レナ・ベイカーは1901年6月8日、ジョージア州カスバートの貧しい黒人家庭に生まれた。両親は綿花農場で働いていたという。南部の典型的な黒人家庭である。その生い立ちは詳らかではないが、素行はあまり良ろしくなかったようだ。20歳の時に売春容疑で逮捕され、教護院送りになっている。当時は売春婦を買えるほどおカネを持っていたのは白人だから、彼女の売春相手は専ら白人だったようだ。その後、レナは3児の母親になった

 

1944年5月1日、42歳の時にアーネスト・ナイト(67)という白人男性を殺害した容疑で逮捕された。彼女は殺害自体は認めて自ら出頭した。「私はナイトさんに家政婦として雇われていました。やがて彼から性暴行を受けるようになり監禁されました。私は家に帰してくれと彼に迫り、口論になりました。彼は鉄の棒を振り上げて、私を脅迫したしました。身の危険を感じたので彼の拳銃を奪い撃ったのです」とレナは正当防衛を主張した。

 

ところが、この言い分は同年8月14日に執り行われた裁判では通らなかった。それどころか、彼女は証言することさえ認められなかったのだ。弁護側の証人が出廷することもまた認められなかった。まったくもって酷い話ではあるが、かつては黒人が奴隷として売買されていた場所である。当時の南部の田舎町では、黒人の人権などないに等しかった。陪審員はみな白人男性で、その日のうちに有罪判決が下り、レナ・ベイカーには死刑が宣告された。

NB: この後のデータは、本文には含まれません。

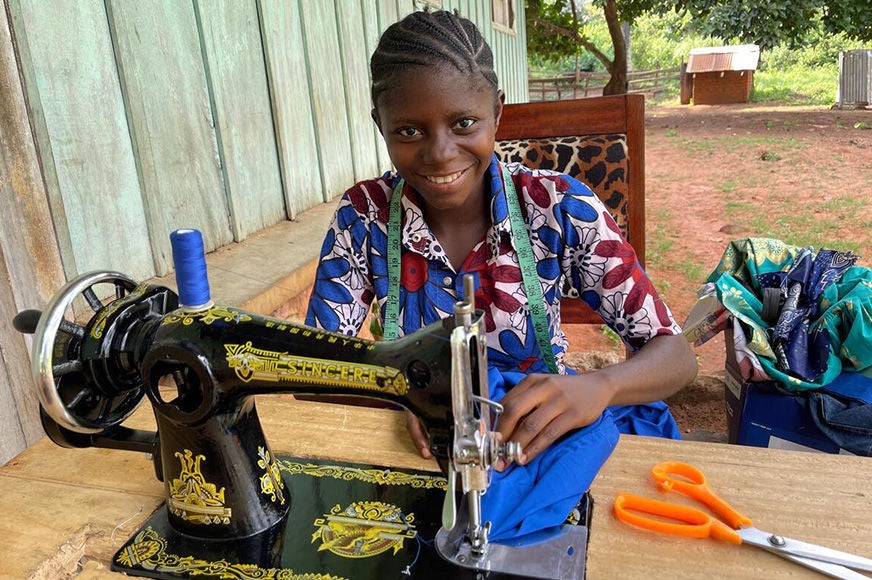 A smiling teenage girl is sewing clothes using a machine that World Vision provided her. (Democratic Republic of Congo, 2023)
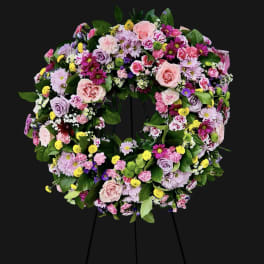 Large floral wreath on a stand with pink, purple, and yellow blooms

レナの処刑は1945年2月23日、ライズヴィルにある州立刑務所にて執行された。電気椅子に座る彼女の最後の言葉「私には身を守るか、殺されるかしか選択がありませんでした。神様もきっと許してくれます。神様の身元に行く準備が出来ています。私は大丈夫です」というものだった。ちなみに、レナはジョージア州で電気椅子により処刑された最初にして最後の女性である。同州では、2001年に処刑方法が薬物注射に変更された


本件は、本当は死ななくてい人が当時の米国人の黒人差別によって殺されてしまったと言える。後世の米国、レナ・ベイカーが死ぬべき女性ではなかったと反省したようだ。1998年辺りから彼女に対する恩赦の気運が高まり、2005年には遂に正式に認められた。レナ場合は正当防衛が成立し得るケースであり、仮に殺人罪で有罪になったとしても、情状酌量の余地が大きく、せいぜい15年の刑が妥当だったと判断されたのである。